The Ashmole Bestiary has been reproduced as a facsimile in both French and German but not yet in English. There is a full digital facsimile available through the Bodleian library digital records.

== History ==
The Ashmole Bestiary (Bodleian Library MS. Ashmole 1511) along with its sister manuscript the Aberdeen Bestiary, is a late 12th or early 13th century English illuminated manuscript Bestiary. Both are of the Second Family of Bestiary Manuscripts. The two manuscripts are often compared to each other due to their striking similarities in illustration and the close time in which they were both made. Though there is still some debate among medieval scholars about which one is older and therefore the original, the similarities are significant to the point that there is a scholarly consensus that both manuscripts share an origin. The famed medievalist scholar M. R. James considered the Aberdeen Bestiary to likely be a replica of Ashmole based on the quality of the illuminations and artistic style of both artefacts.

=== Provenance ===
It is unclear to historians and researchers who the original patron; they may have been an aristocrat, a high-ranking member of the church, or a monastery. It has been suggested by experts that the inclusion of Hugh of Fouilloy De avibus suggests a monastic origin for the work.

It is known through the study of the physical document and the inscriptions there-in that in the mid-1500s the Ashmole Bestiary belonged to William Wright, the vicar of Chipping Wycombe . After which the manuscript was in the possession of William Man, esq., of Canterbury, who gave it as a gift to Peter Manwood, who was an antiquary, in 1609. The next historically verifiable home of the manuscript was in the museum of John Tradescant, the elder, who then passed it on to his son John Tradescant the younger. Later that century antiquarian, and namesake of the artifact, Elias Ashmole would come into possession of it. Ashmole's collection of antiques, curiosities and books was donated after his death, founding the Ashmolean Museum. In 1860 the manuscript was transferred to the Bodleian Library which is one of the oldest libraries in Europe and one of the largest in England. It has resided there ever since.

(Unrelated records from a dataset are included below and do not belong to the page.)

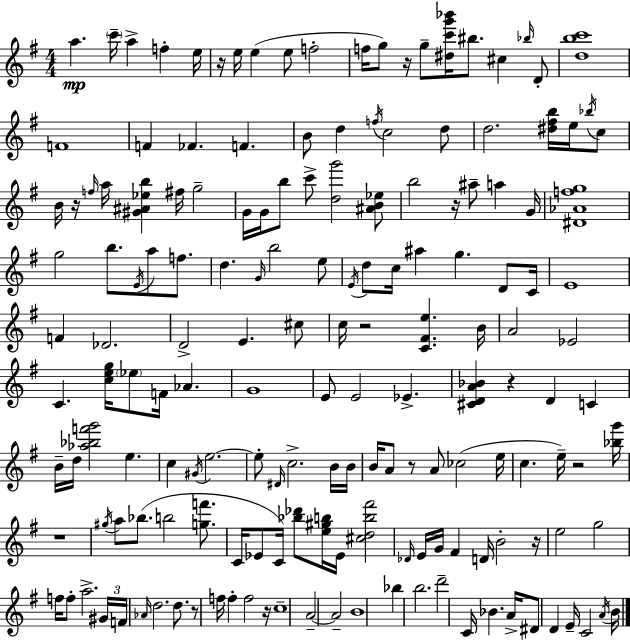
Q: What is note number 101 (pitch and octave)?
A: C4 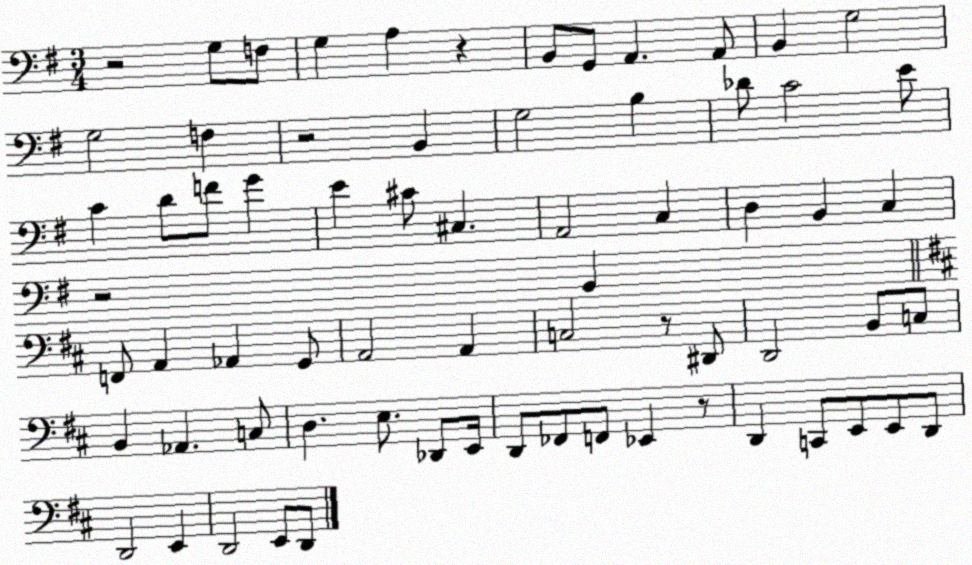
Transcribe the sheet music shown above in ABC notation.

X:1
T:Untitled
M:3/4
L:1/4
K:G
z2 G,/2 F,/2 G, A, z B,,/2 G,,/2 A,, A,,/2 B,, G,2 G,2 F, z2 B,, G,2 B, _D/2 C2 E/2 C D/2 F/2 G E ^C/2 ^C, A,,2 C, D, B,, C, z2 B,, F,,/2 A,, _A,, G,,/2 A,,2 A,, C,2 z/2 ^D,,/2 D,,2 B,,/2 C,/2 B,, _A,, C,/2 D, E,/2 _D,,/2 E,,/4 D,,/2 _F,,/2 F,,/2 _E,, z/2 D,, C,,/2 E,,/2 E,,/2 D,,/2 D,,2 E,, D,,2 E,,/2 D,,/2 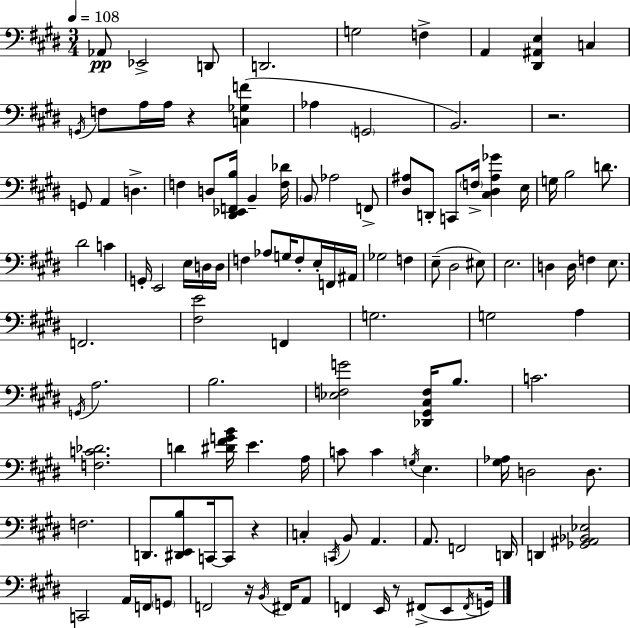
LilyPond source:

{
  \clef bass
  \numericTimeSignature
  \time 3/4
  \key e \major
  \tempo 4 = 108
  aes,8\pp ees,2-> d,8 | d,2. | g2 f4-> | a,4 <dis, ais, e>4 c4 | \break \acciaccatura { g,16 } f8 a16 a16 r4 <c ges f'>4( | aes4 \parenthesize g,2 | b,2.) | r2. | \break g,8 a,4 d4.-> | f4 d8 <dis, ees, f, b>16 b,4-- | <f des'>16 \parenthesize b,8 aes2 f,8-> | <dis ais>8 d,8-. c,8 \parenthesize f16-> <cis dis ais ges'>4 | \break e16 g16 b2 d'8. | dis'2 c'4 | g,16-. e,2 e16 d16 | d16 f4 aes8 g16 f8-. e16-. f,16 | \break ais,16 ges2 f4 | e8--( dis2 eis8) | e2. | d4 d16 f4 e8. | \break f,2. | <fis e'>2 f,4 | g2. | g2 a4 | \break \acciaccatura { g,16 } a2. | b2. | <ees f g'>2 <des, gis, cis f>16 b8. | c'2. | \break <f c' des'>2. | d'4 <dis' fis' g' b'>16 e'4. | a16 c'8 c'4 \acciaccatura { g16 } e4. | <gis aes>16 d2 | \break d8. f2. | d,8. <dis, e, b>8 c,16~~ c,8 r4 | c4-. \acciaccatura { c,16 } b,8 a,4. | a,8. f,2 | \break d,16 d,4 <ges, ais, bes, ees>2 | c,2 | a,16 f,16 \parenthesize g,8 f,2 | r16 \acciaccatura { b,16 } fis,16 a,8 f,4 e,16 r8 | \break fis,8->( e,8 \acciaccatura { fis,16 } g,16) \bar "|."
}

To protect the manuscript from damage, that can be caused by even the most careful handling, access to the artefact is restricted. Manuscript preservation requires stringent rules. Researchers are asked to use replicas and published descriptions as much as is practicable.

=== Condition ===
While the bestiary is in excellent condition considering it is centuries old, it does contain some flaws. Aside from the wear of time it has edits and corrections by the different people who owned it throughout the centuries. There was an attempt at re-binding the manuscript sometime in the 17th century. Centuries later in 1987 the Ashmole Bestiary was restored and rebound, removing the previous re-binding. Using modern technology, plain alum-tawed calfskin, and correcting some of the damaging preservation attempts from the 17th century. The 17th century binding is still kept with the manuscript in the library.